Ma, accanto alle speranze, con realismo gli osservatori rilevano che è solo l’inizio di un lungo cammino per pacificare le due nazioni sorelle e la stessa Eritrea. La quale nei colloqui di pace era rappresentata da un presidente eletto per quattro anni anni fino allo scoppio della guerra 20 anni fa. Poi, con l’alibi della situazione di non guerra-non pace (l’Etiopia non aveva applicato il trattato di pace di Algeri e non aveva restituito il triangolo di sabbia attorno a Bademme, ndr) non si è più votato e Issaias si è trasformato nel 2000 da combattente per la libertà e l’indipendenza del suo Paese dall’Etiopia in un tiranno che ha, nell’ordine, sospeso la Costituzione, chiuso gli organi di informazione, imprigionato oppositori veri o presunti e ministri, intellettuali e compagni di partito che gli avevano chiesto di rispettare la democrazia.
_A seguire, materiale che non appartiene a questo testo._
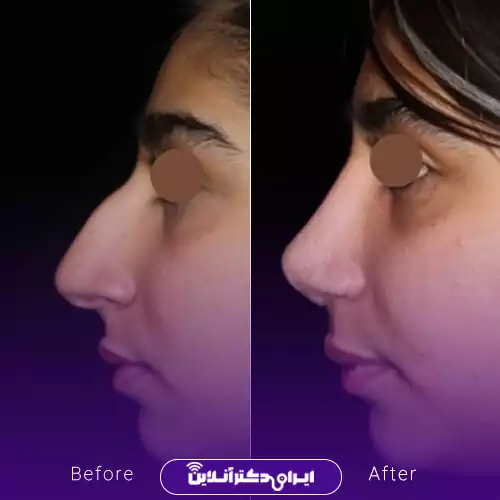 قبل و بعد عمل بینی استخوانی در اصفهان؛ حذف قوز بینی و اصلاح خط نیم‌رخ، نمونه کار دکتر محمود عمرانی‌فرد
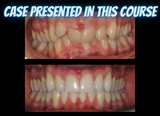 Class II treatments with clear aligners (4.5 CE)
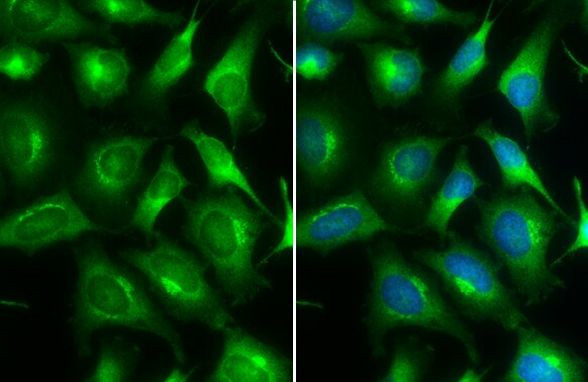 ARF5 Antibody in Immunocytochemistry (ICC/IF)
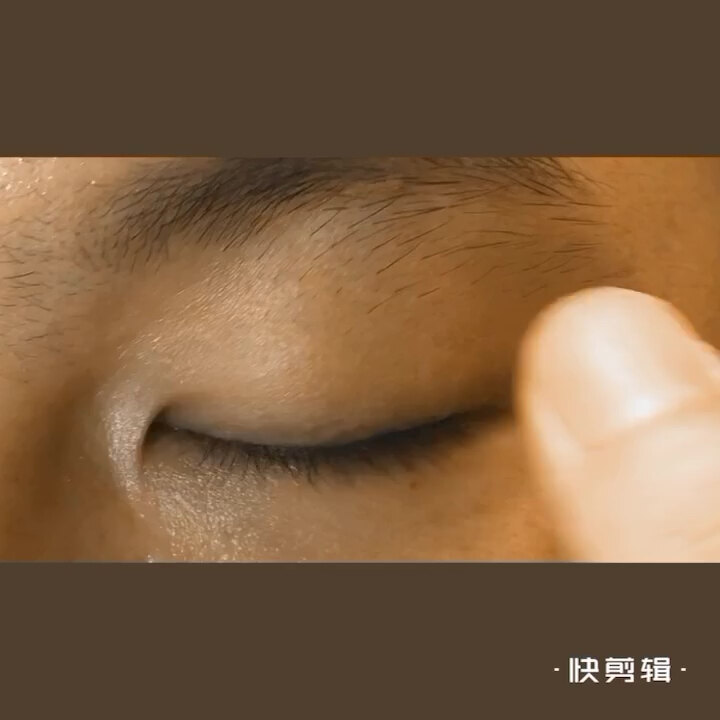 如何进行睑板腺自我按摩 先用40度热毛巾热敷眼睑五分钟;洗干净手按摩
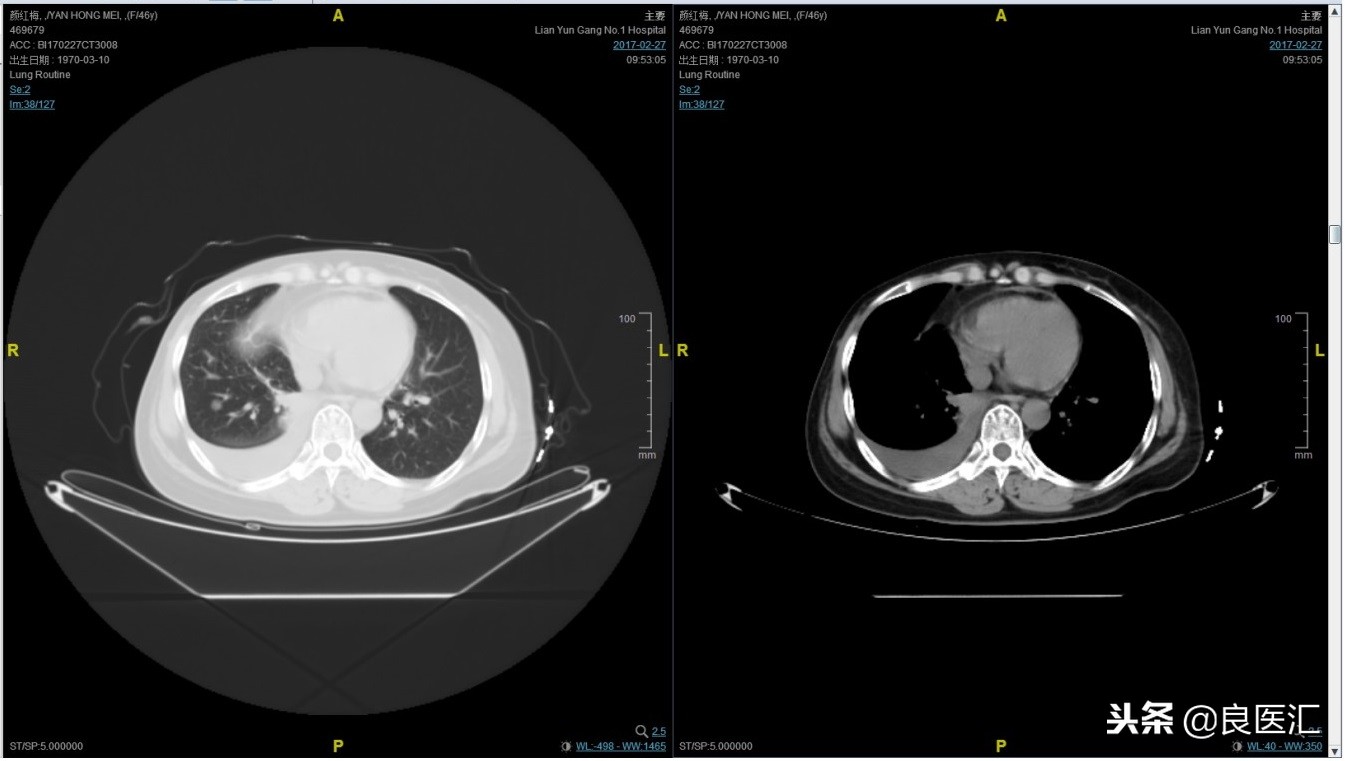 美图秀秀成功案例,美图秀秀实战案例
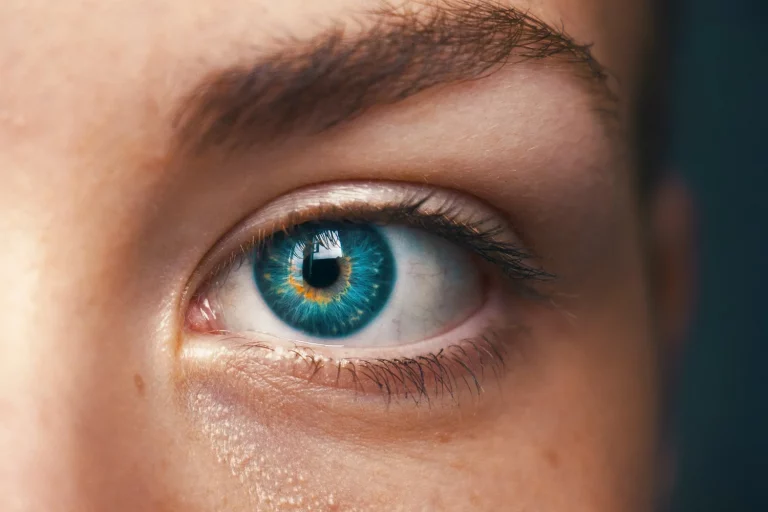 The Infraorbital Artery and the Real Risk Behind Cheek Dermal Fillers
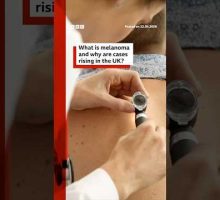 Melanoma skin cancer cases hit UK record high. #BBCNews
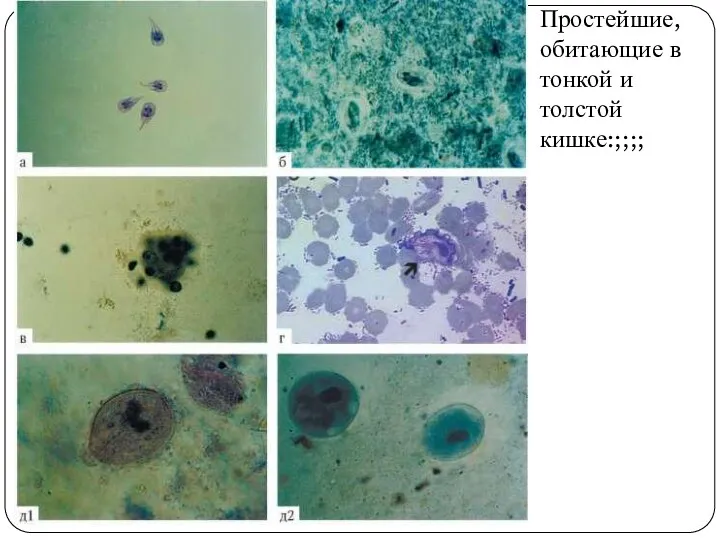 Простейшие, обитающие в тонкой и толстой кишке:;;;;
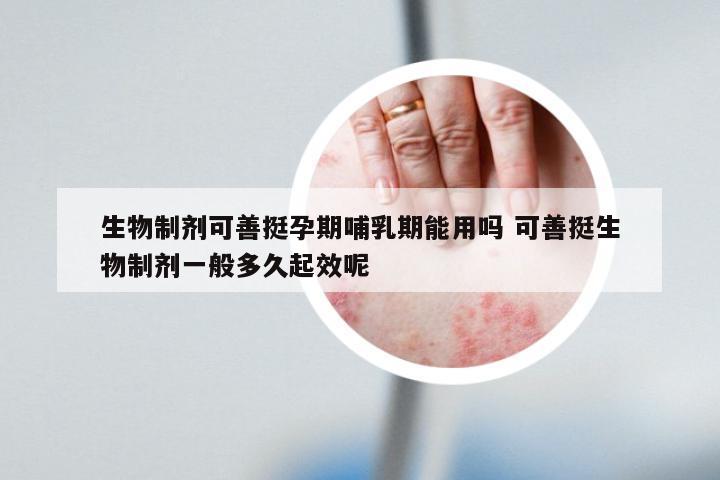 生物制剂可善挺孕期哺乳期能用吗 可善挺生物制剂一般多久起效呢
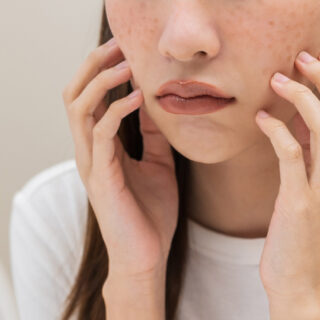 cara alami mengurangi flek hitam di wajah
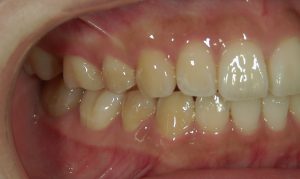 文京区茗荷谷千石歯医者高橋歯科クリニック文京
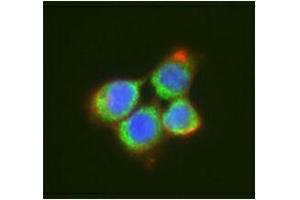 Immunofluorescence (IF) image for anti-DEAD (Asp-Glu-Ala-Asp) Box Polypeptide 6 (DDX6) antibody (ABIN2664929) (DDX6 Antikörper)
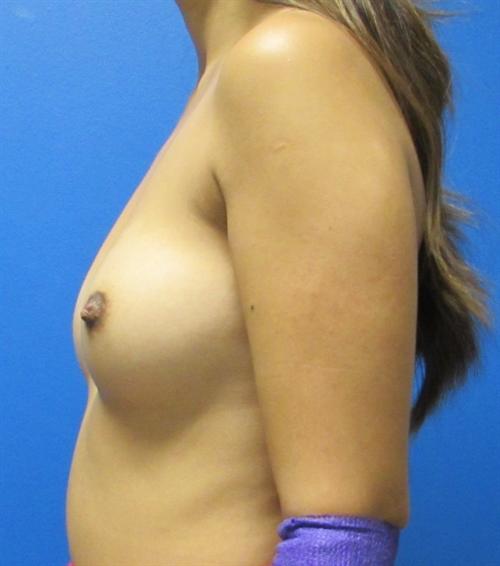 Breast Augmentation Before and After | SGK Plastic Surgery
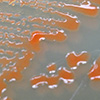 Red-orange colored Deinococcus colonies on nutrient agar.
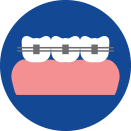 علم تقويم الأسنان المعوجة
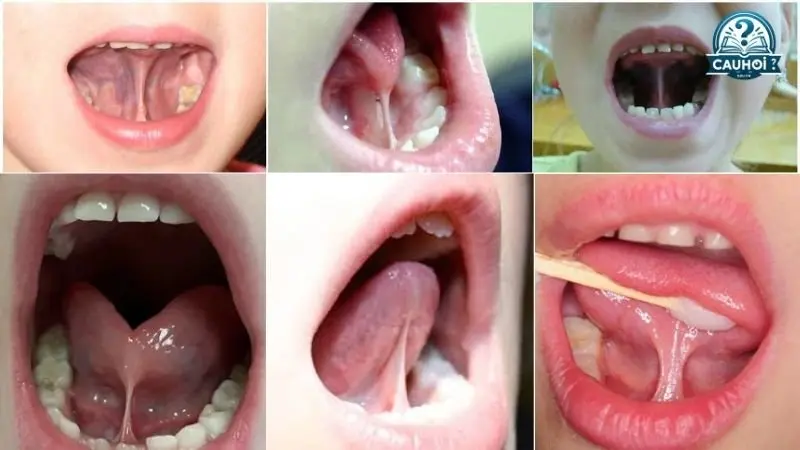 Dính thắng lưỡi là gì? Dính thắng lưỡi là gì?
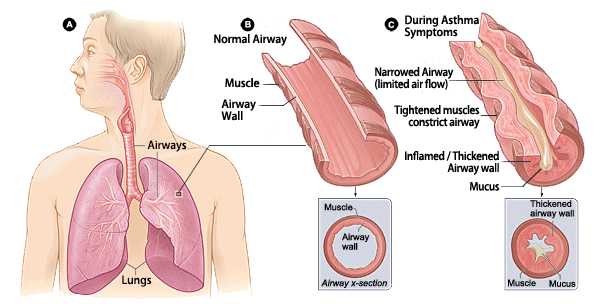 Pneumonia. sumber: www.airphysio.com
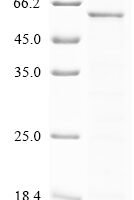 Rabies virus Nucleoprotein (N) Recombinant Protein, C-His - BioCrest Sci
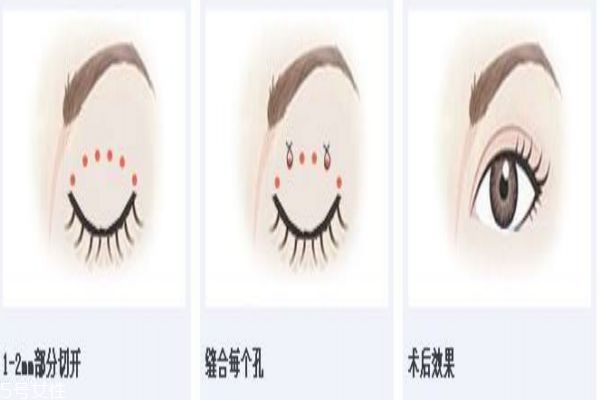 什么是韩式三点双眼皮,韩式三点双眼皮认准当代美容优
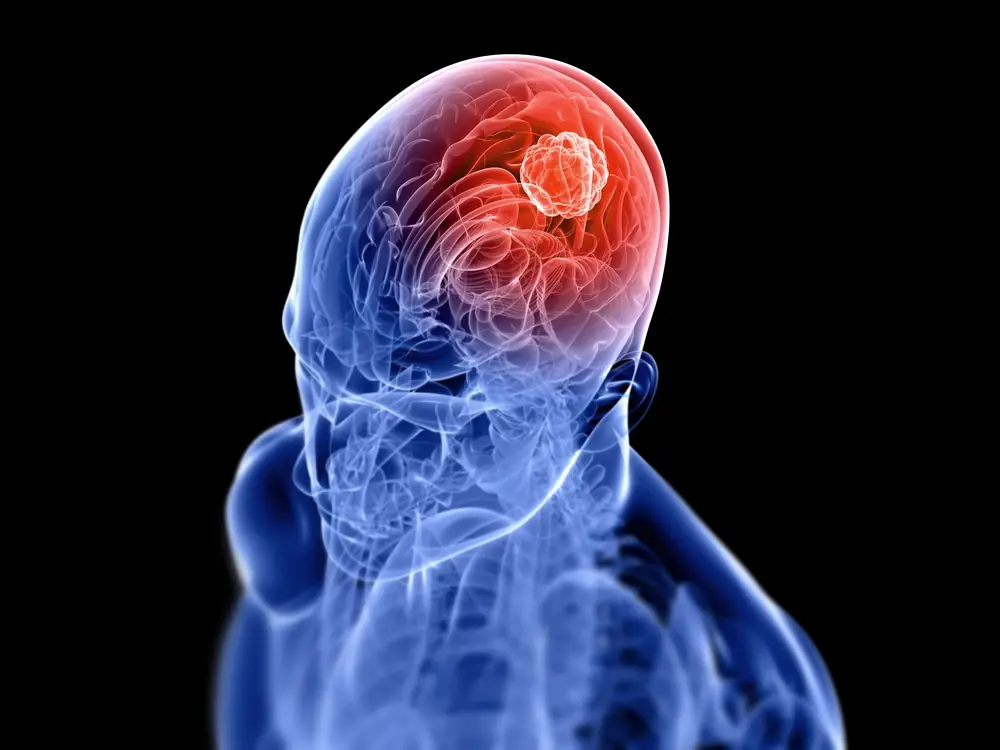 Doctors Warn: Two Uncommon Headache Symptoms May Indicate a Brain Tumor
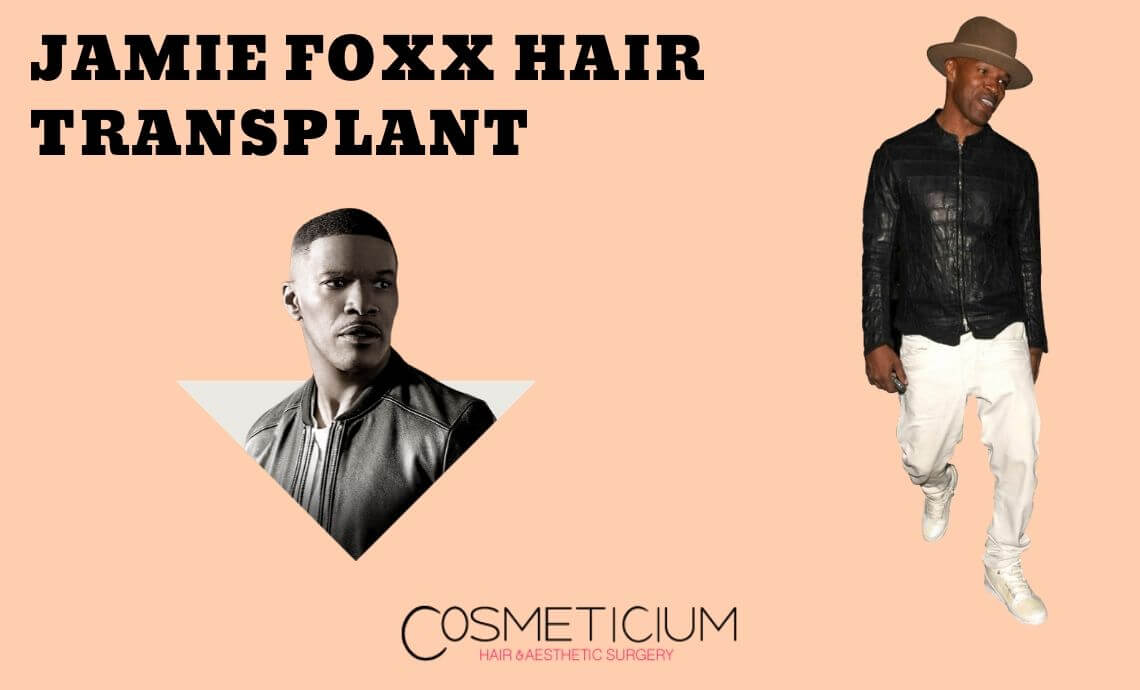 Jamie Foxx Hair Transplantation | Look at His Before & After Photos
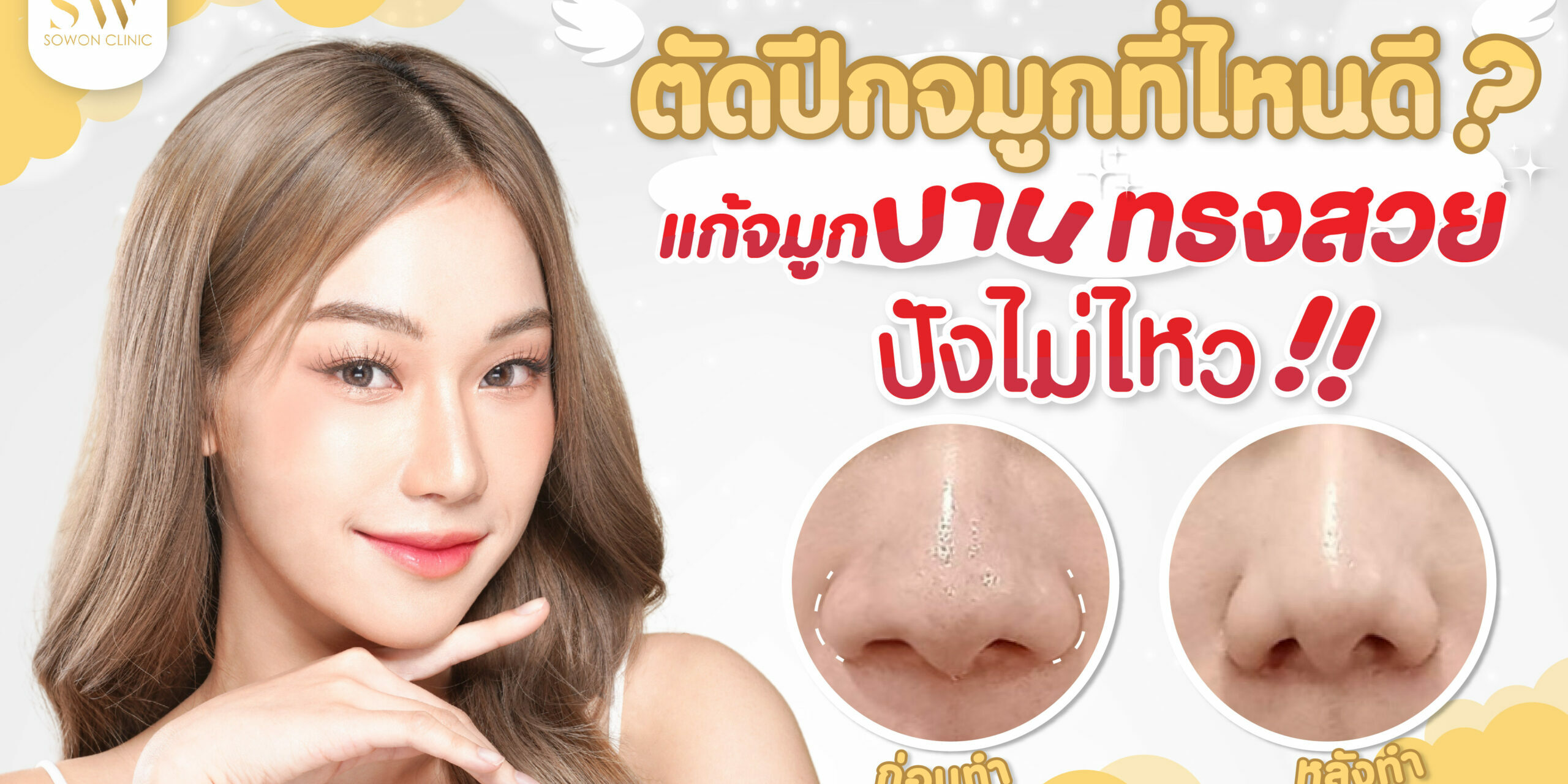 ปกบทความตัดปีกจมุก ปกบทความจัดปีกจมุก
Ha quindi chiuso l’università e militarizzato lo Stato imponendo il servizio militare illimitato da 17 a 50 anni ed espulso missionari e Ong perché «occidentali». In 20 anni di regime paranoico ha limitato gli spostamenti interni, vietato gli espatri e riempito le galere di dissidenti per motivi politici e religiosi e disertori, infiltrando il territorio nazionale di spie. Ha causato l’esodo di almeno due generazioni verso tutti i continenti, Africa compresa. L’Eritrea di Issaias Afewerki è così precipitata agli ultimi posti nelle classifiche mondiali di sviluppo e libertà. Dal 2009, inoltre, è soggetta ad embargo di armi dall’Onu per aver cooperato con i terroristi islamici in Somalia per destabilizzare l’area.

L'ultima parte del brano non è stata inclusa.